For purposes of this Agreement, a Person shall be deemed to own subject to a
Lien any asset which it has acquired or holds subject to the interest of a
vendor or lessor under any conditional sale agreement, capital lease or other
title retention agreement relating to such asset.
"Person" means any individual, corporation, partnership, limited liability
company, joint venture, association, joint-stock company, trust, unincorporated
organization or a Governmental Authority.
"Registration Rights Agreement" means the Registration Rights Agreement of
even date herewith between the Company and the Holder relating to the
registration of the Registrable Securities (as defined therein) under and
pursuant to the Securities Act, as said Registration Rights Agreement shall be
modified and supplemented in accordance with its terms and in effect from time
to time.
"Restricted Securities" means the Warrants, any Additional Warrants and any
Warrant Shares or other securities which have been issued or are issuable upon
the exercise of such Warrants until such time as any such Restricted Securities
(a) have been sold pursuant to an effective registration statement under the
Securities Act or (b) are distributed pursuant to Rule 144 (or any similar
provision then in force) under the Securities Act and, if it has so requested,
the Company has received an opinion of counsel (either its own counsel or, if
the Company so requests, counsel to the holders of such Restricted Securities)
reasonably acceptable to the Company that such Restricted Securities may be so
transferred without registration or pursuant to an exemption under the
Securities Act, and in each such instance the Company has delivered new Warrant
Certificates not bearing the legend prescribed by Section 2.03 hereof.
"Rule 144" means Rule 144 promulgated by the Commission under the
Securities Act (as such rule may be amended from time to time or any successor
or similar rule then in force).
"Securities Act" means at any time the Securities Act of 1933, as amended,
or any similar Federal statute, and the rules and regulations of the Commission
thereunder, all as the same shall be in effect at the time.
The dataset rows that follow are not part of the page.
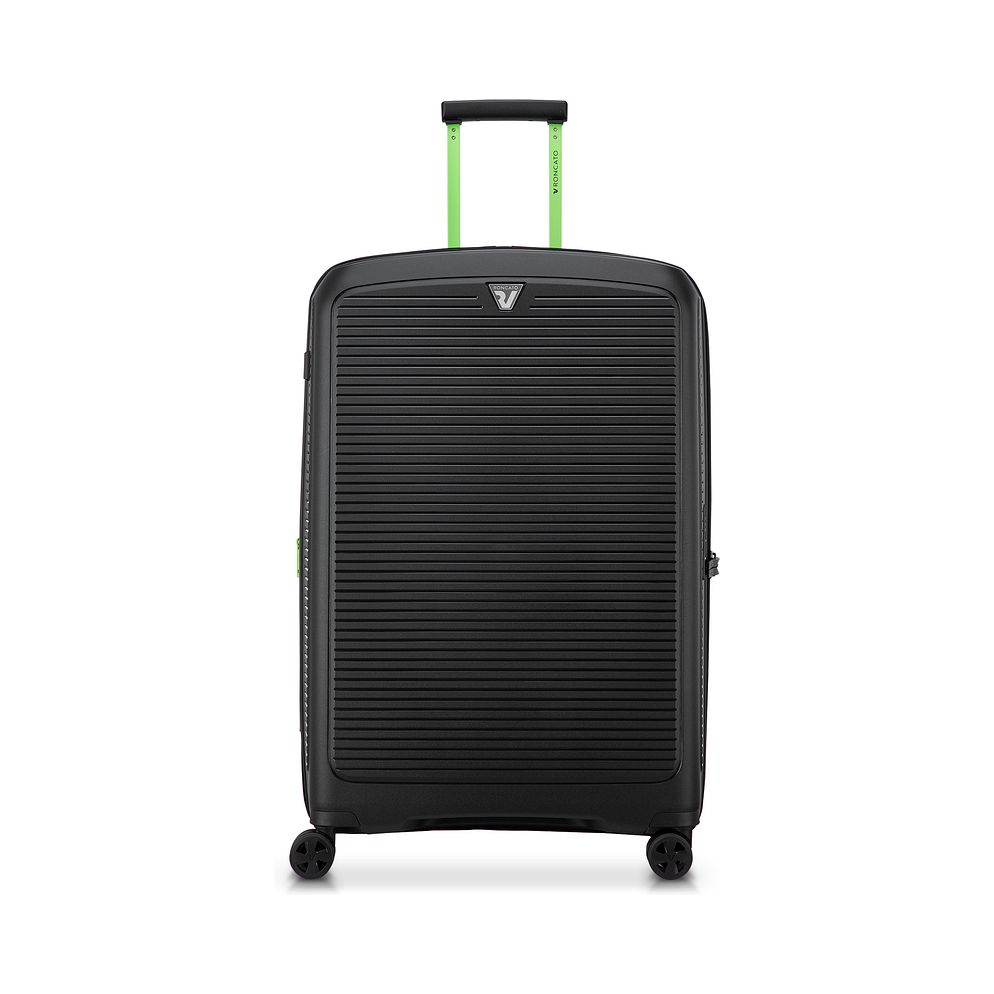 Roncato Arcade 4 ruote Carrello 78 cm espandibile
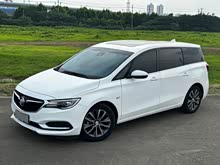 ���GL6 2019�� 18T 6����������� ��V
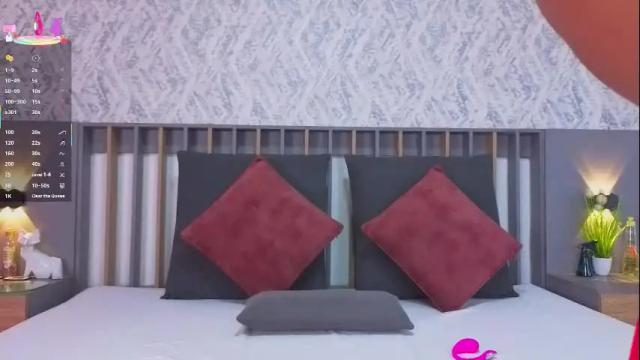 Image 7 of miranda_blair Stream on Chaturbate on 5 days ago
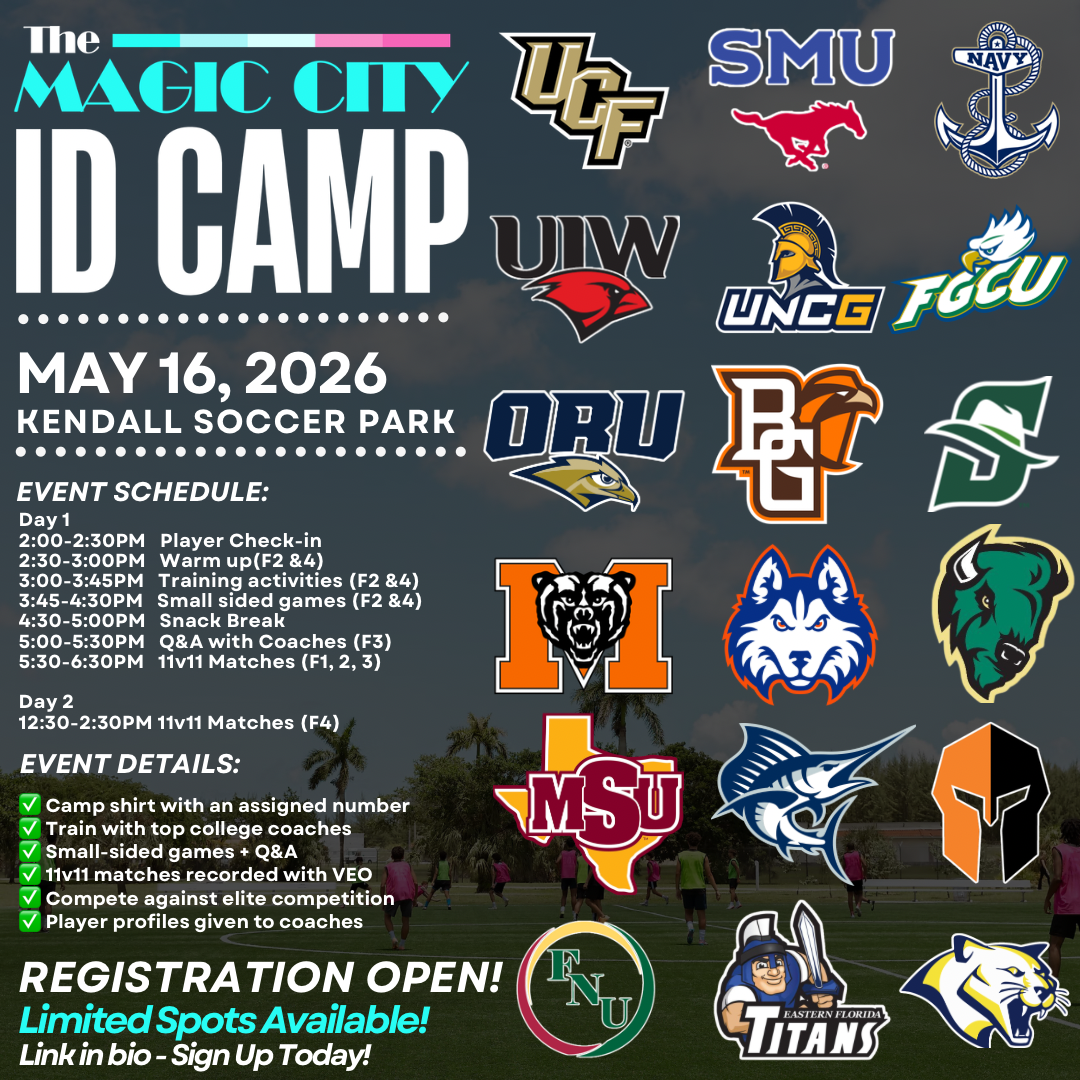 Copy of Green and White Photo Collage Kids Summer Camp Flyer (Instagram Post) 2.PNG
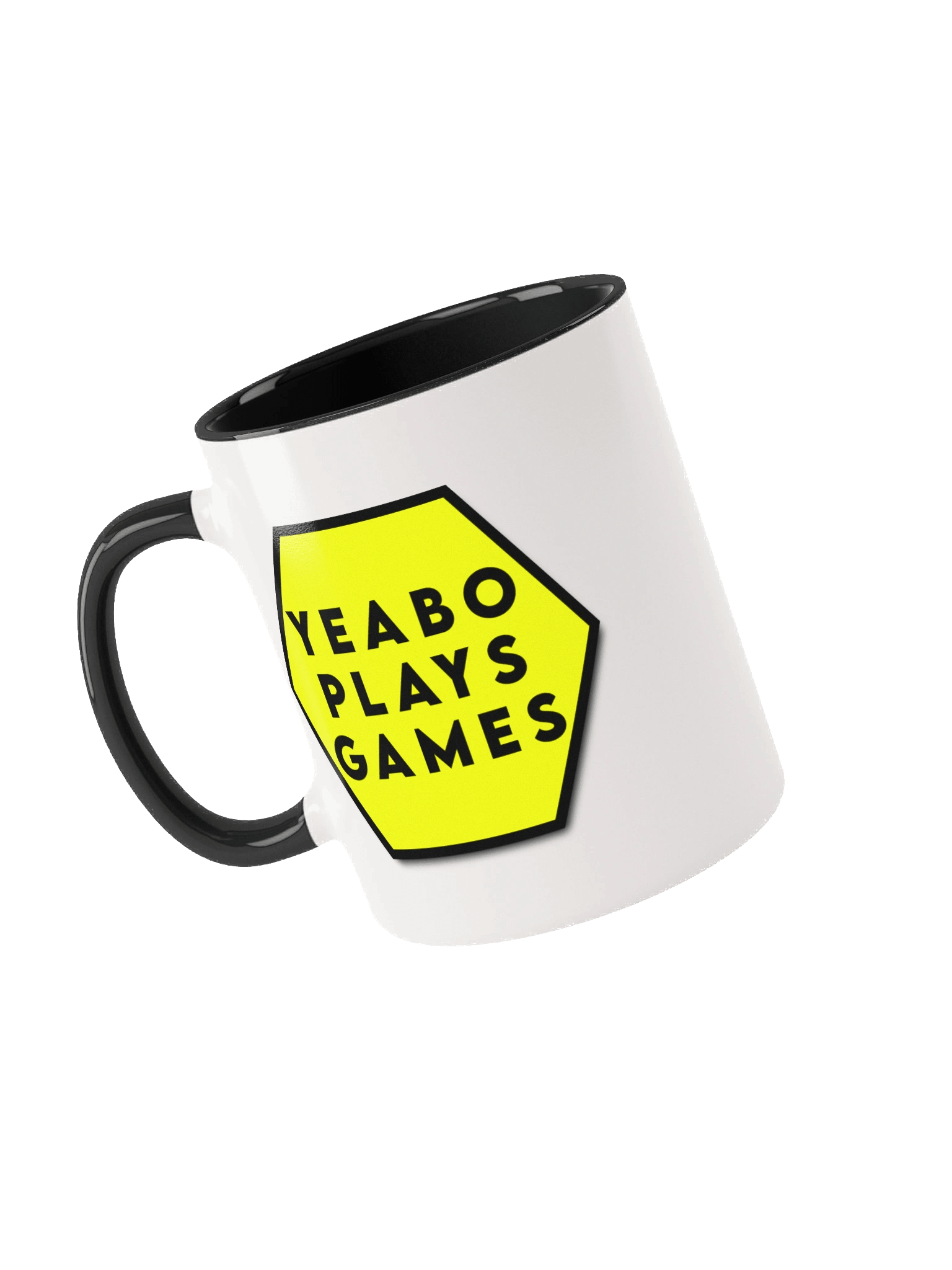 YPG Gamer Mug product image (7)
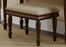 Liberty Furniture | Bedroom 3 Piece Vanities Set in Richmond Virginia 1577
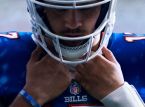 Le quarterback des Bills Josh Allen confirmé comme athlète de couverture pour Madden NFL 24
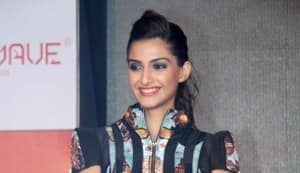 Is Sonam Kapoor responsible for ‘Aisha’ fiasco?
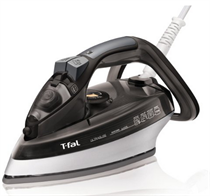 【T-fal FV4495 Ultraglide Easycord Steam Iron特福蒸汽熨斗】$34.99 + $10.15 直邮（到手约￥297）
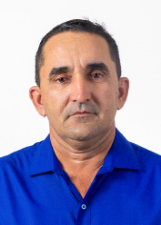 Foto de MANOEL TORQUATO DO REGO NETO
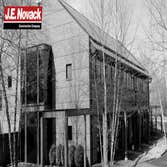 Photos by J.E. Novack Construction #1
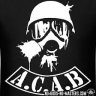 A.C.A.B.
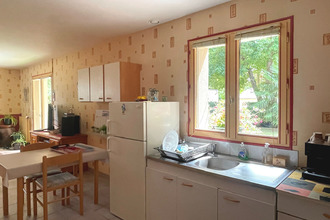 achat maison breal-sous-mtfort 35310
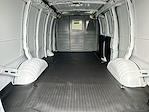 2025 Chevrolet Express 2500 RWD Empty Cargo Van for sale #W250622 - photo 2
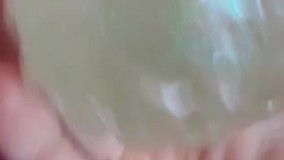 آنباکس و تجربه خرید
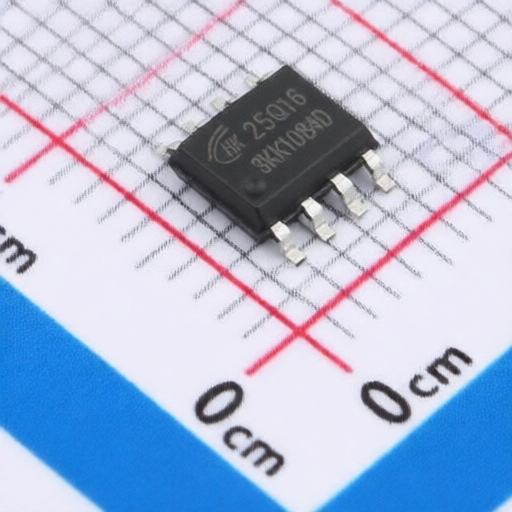 HK HK25HQ16IATGT(150mil) for sale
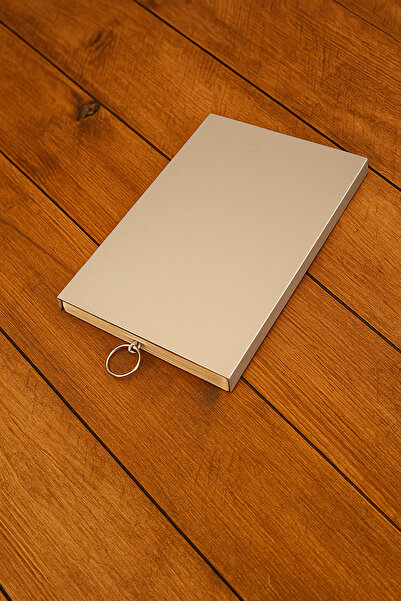 Gemi ticaret Paslanmaz Kesmme tahtası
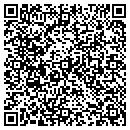 QR code with Pedreaux's contacts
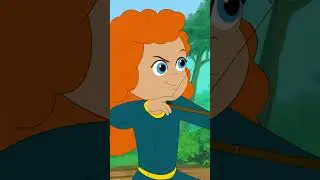 #funforkidstv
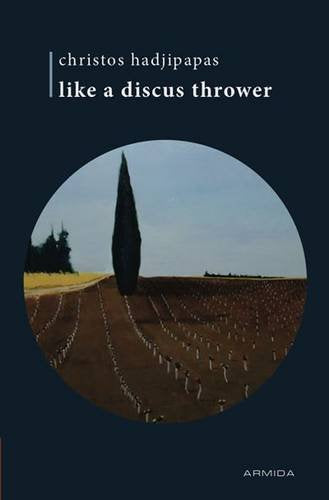 Product Image: Like a Discus Thrower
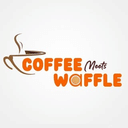 Coffee Meets Waffles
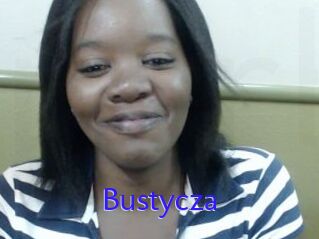 Bustycza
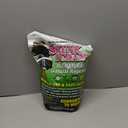 Skunk Scram All Natural Granular Repellent - 6 lb. Bag - Epic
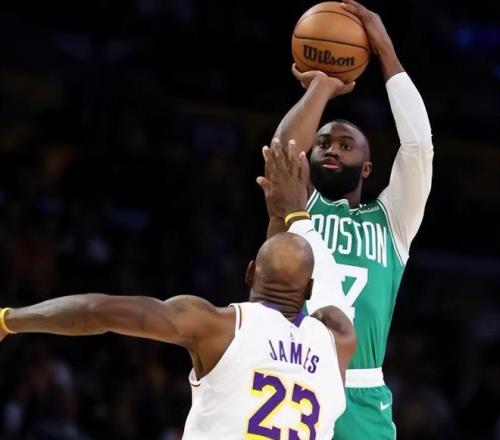 惊呆,教练化身守,门神,NG娱乐,NG娱乐真人,NG娱乐电子,NG大舞台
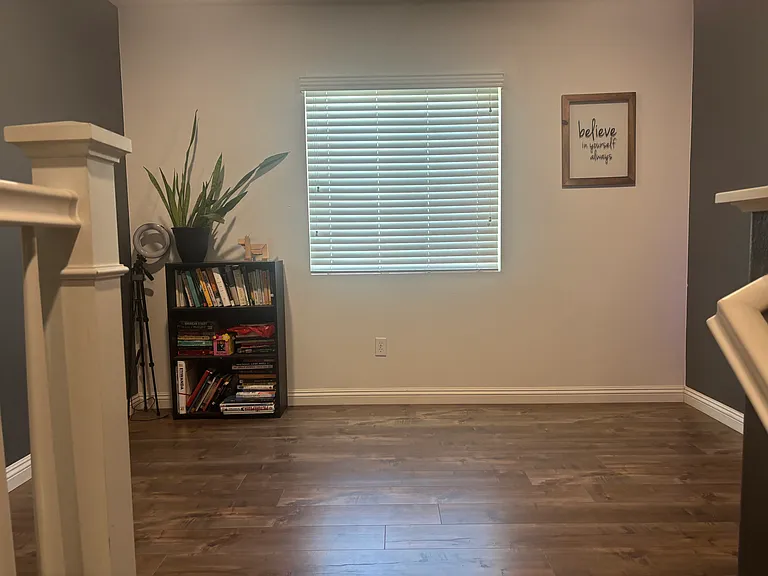 3844 Rosena Ranch Rd — Photo 12
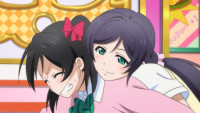 [Winter]-Love-Live-School-Idol-Project-07-[BDrip-1.png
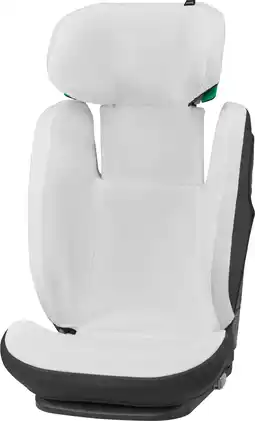 Coolblue Maxi Cosi Autostoelhoes RodiFix S i-Size aanbieding
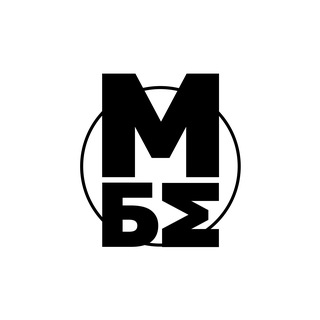 Будни медиаменеджера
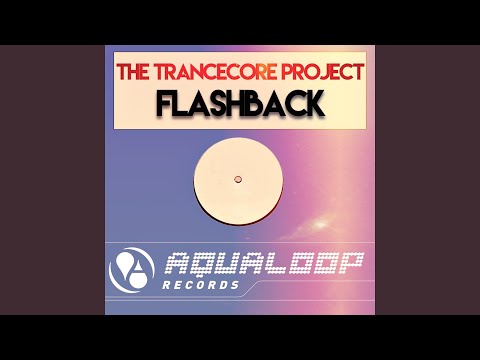 Flashback (Green Court Remix)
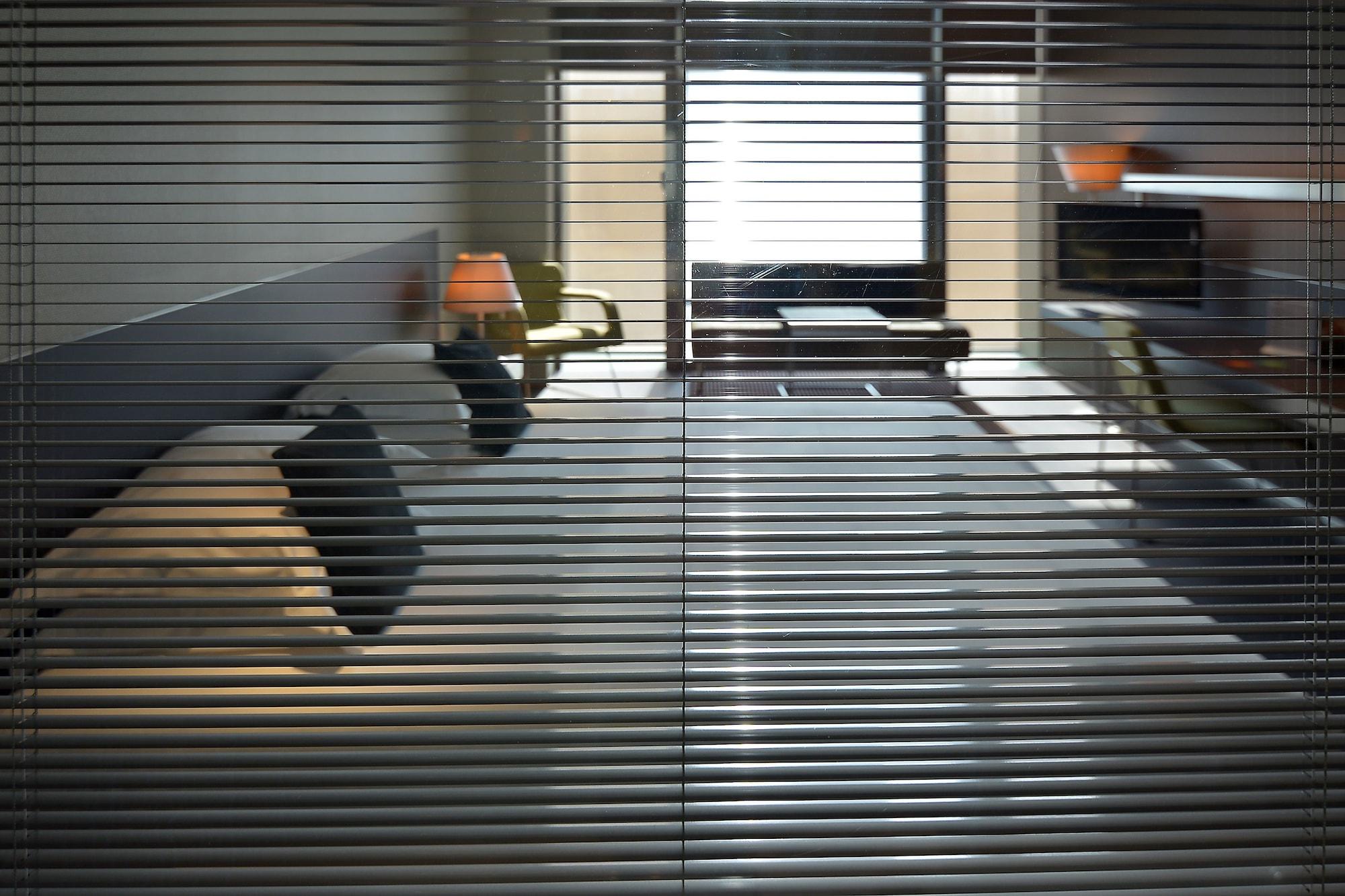 Hotel Soho Barcelona
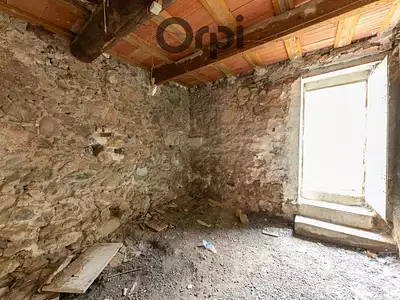 Maison, 72 m²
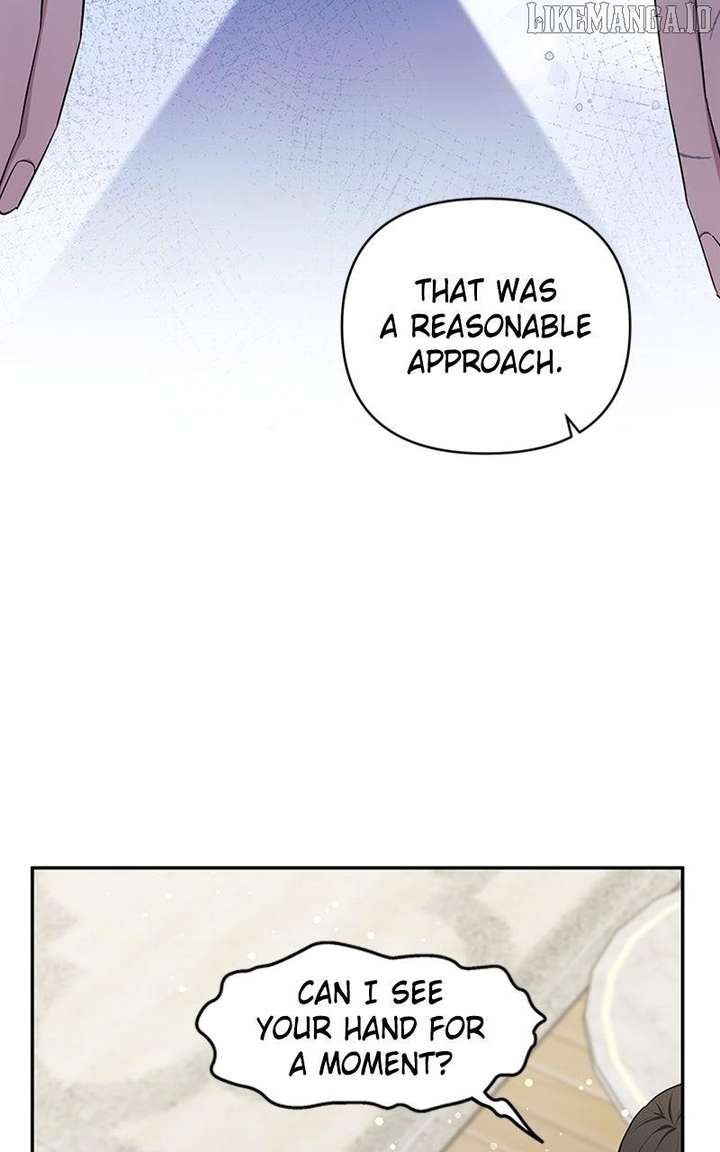 Thiendavis – For The Perfect Salvation Chapter 33 241 30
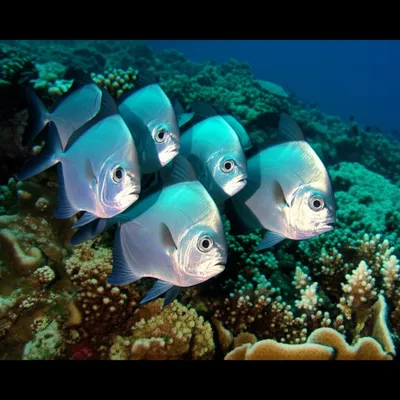 Illustration sweeper - Image 1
"Stockholder" means any Person (excluding any Holder) who owns any shares
of common or preferred stock of the Company (or any successor thereto).
"Transfer" means, unless the context otherwise requires, any disposition of
any Restricted Securities, or of any interest in any thereof, which would
constitute an offer or sale thereof within the meaning of the Securities Act.
"Warrants" shall have the meaning assigned to such term in Section 2.01.
"Warrant Certificate" shall have the meaning assigned to such term in
Section 2.01.
"Warrant Shares" means (a) the shares of Stock purchased or purchasable by
the Holder upon the exercise of the originally issued Warrant or any Additional
Warrants, including any Stock into which such Stock may thereafter be changed or
converted, and (b) if required hereunder, any additional shares of Stock issued
or distributed by way of a dividend, stock split or other distribution in
respect of the Stock referred to in clause (a) above, or acquired by way of any
rights offering or similar offering made in respect of the Stock referred to in
clause (a) above.
Except as otherwise may be expressly provided herein, all accounting terms
used herein shall be interpreted in accordance with generally accepted
accounting principles consistently applied. All calculations made for the
purposes of determining compliance with the terms of this Agreement and the
Warrants shall be made by application of United States generally accepted
accounting principles consistently applied (except as otherwise may be expressly
provided herein).
ARTICLE II
ISSUANCE AND EXECUTION OF WARRANTS
Section 2.01. AUTHORIZATION AND ISSUANCE OF SHARES AND WARRANTS. The
Company has authorized: (a) the issuance of warrant certificates substantially
in the form of Annex 1 to this Agreement (each, a "Warrant Certificate"), each
evidencing warrants to purchase shares of Stock (such Warrant Certificate issued
on the Date of Issuance, other Warrant Certificates issued in connection with
Additional Warrants or upon transfer, partial exercise, division or combination
of, or in substitution or replacement for any Warrant Certificate or the rights
to purchase Stock evidenced by each of the foregoing, is, as the context
requires, sometimes referred to herein as a "Warrant" or "Warrants"); and (b)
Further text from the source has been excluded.